Behold one of the advantages of fogs and mists! If the southern nations, with their sunshine and clear air, are more joyous than we are, and have a greater but vaguer instinct to make others partake of their pleasure, our greater share of melancholy sets us upon scheming how to turn that instinct of humanity to the best account. It is thus that England, though slow to enjoy, has of old been quick to relieve,—has had the chief hand in giving those great lifts to the world in knowledge and liberty, for which the sunny Italian was too idle and contented.

It is from the same cause that our great poets (with one exception, perhaps, as to grandeur of invention) are greater than those of Italy.
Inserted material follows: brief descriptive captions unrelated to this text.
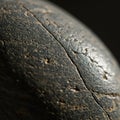 Close-up of a textured, dark gray surface with visible cracks and fine details. The lighti Royalty Free Stock Photo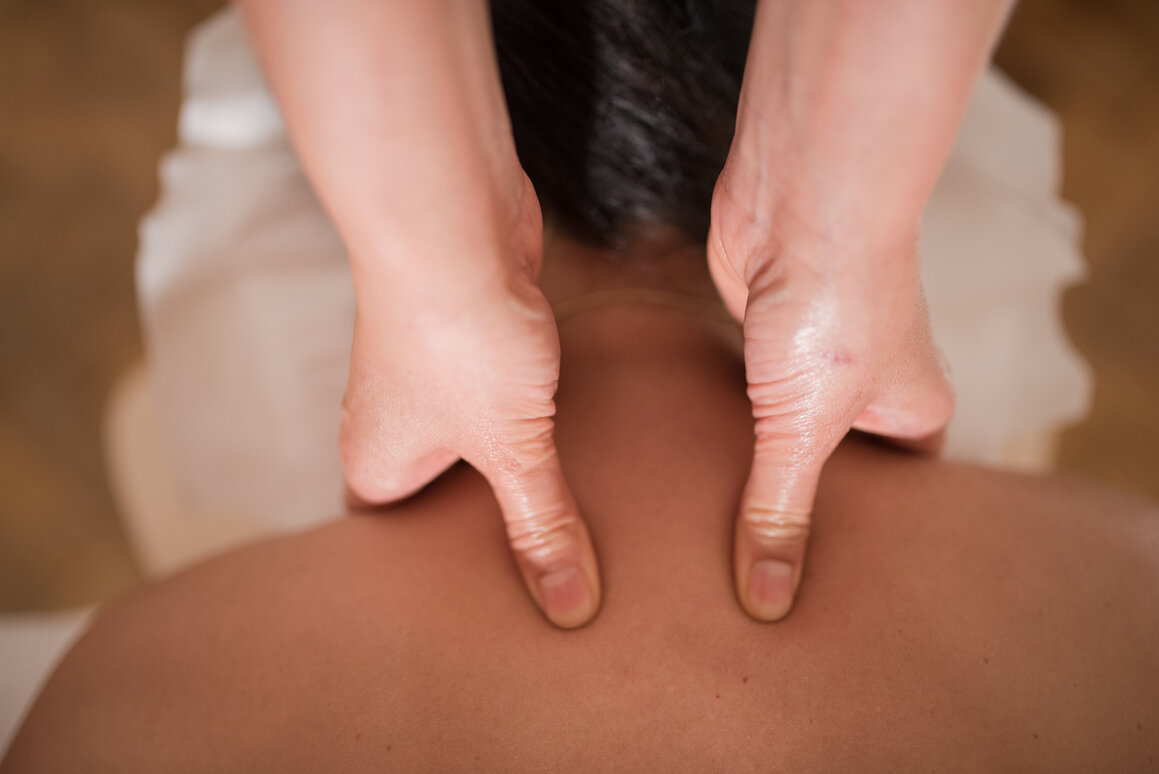 Therapist applying deep tissue pressure to a client’s upper back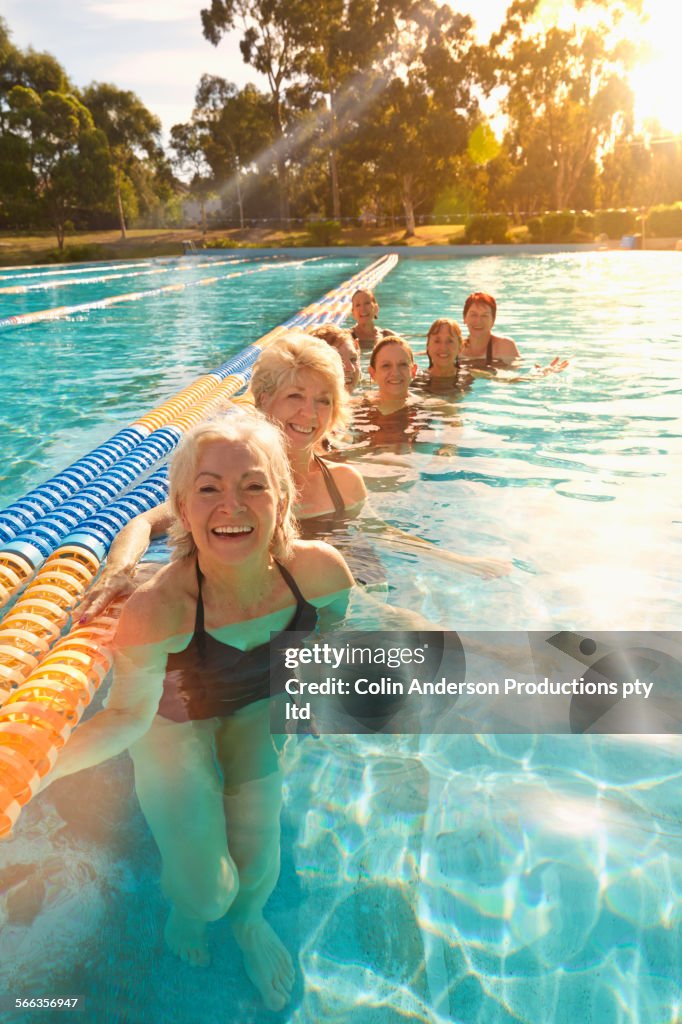 Older Caucasian women smiling in pool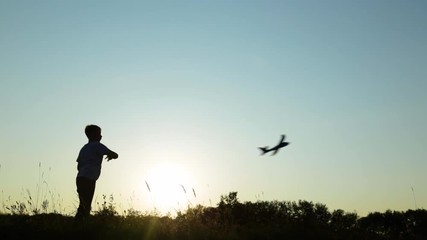 Video of black silhouette of young kid playing toy plane outside in countryside scenic landscape isolated at soft sunset sun light and blue sky background. Real time full hd footage.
They have seen the dark as well as the bright side of things; and their knowledge of both gives to their writings a depth of charity, as well as imagination, pre-eminently human. All the things that can be said for human nature, as well as about its passions and imaginings, are to be found perhaps in Shakspeare, and in Shakspeare only; but his contemporaries had a good share of the same gentle spirit of arbitration.

On the other hand, where the English do not cultivate the more genial part of experience, they are likely to err more than most nations for pain, when it does not turn into knowledge, is apt to turn into sullenness and malignity. Its reliefs also become of the grossest and most selfish nature; and nothing

can be more disgustingly pitiable than a gross, arrogant Englishman, who in the plenitude of his egotism talks against vanity, and, in the midst of the most selfish and sordid vices,-moneyscraping, or gormandising, or drinking, or cock-fighting,—thinks himself entitled to despise other nations, whose vices are rather the excesses of sympathy.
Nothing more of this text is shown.